### [Available data]
----

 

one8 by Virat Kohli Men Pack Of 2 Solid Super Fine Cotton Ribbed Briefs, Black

----

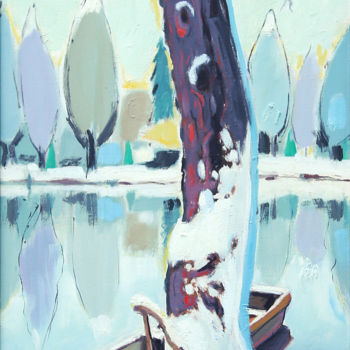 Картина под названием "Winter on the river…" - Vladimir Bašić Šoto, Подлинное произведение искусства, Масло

----

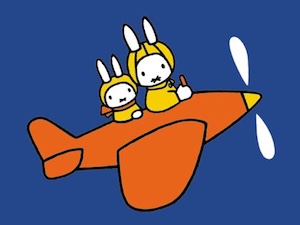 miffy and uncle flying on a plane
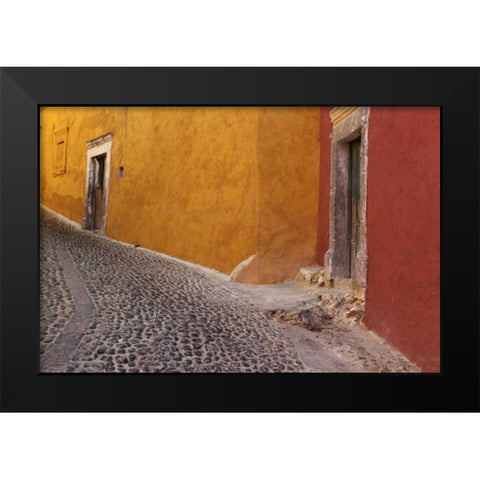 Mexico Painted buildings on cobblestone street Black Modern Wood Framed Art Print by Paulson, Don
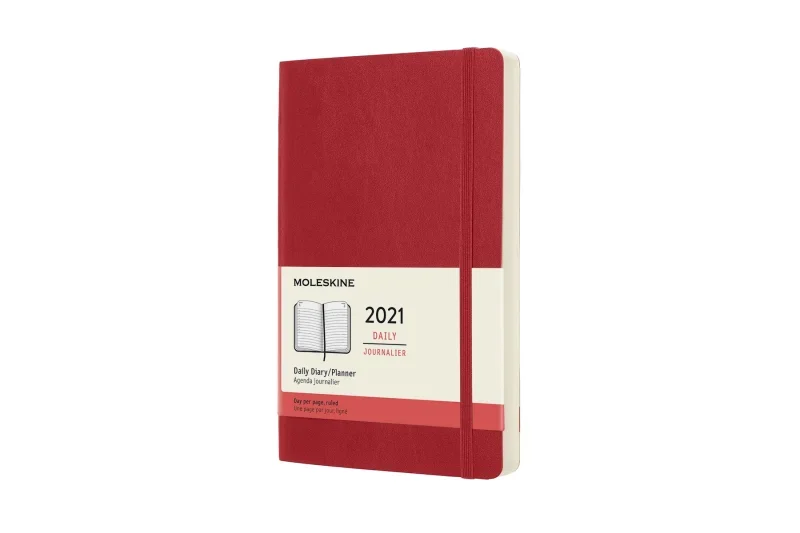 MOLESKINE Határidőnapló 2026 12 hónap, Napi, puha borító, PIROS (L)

----

### [What is being asked]
Looking above, find the stretch of lines that opens with the one holding "Mexico Painted buildings" and closes with the one holding "MOLESKINE Határidőnapló 2026". Copy it exactly, pictures excluded.

### [Solution for this task]
 Mexico Painted buildings on cobblestone street Black Modern Wood Framed Art Print by Paulson, Don
 MOLESKINE Határidőnapló 2026 12 hónap, Napi, puha borító, PIROS (L)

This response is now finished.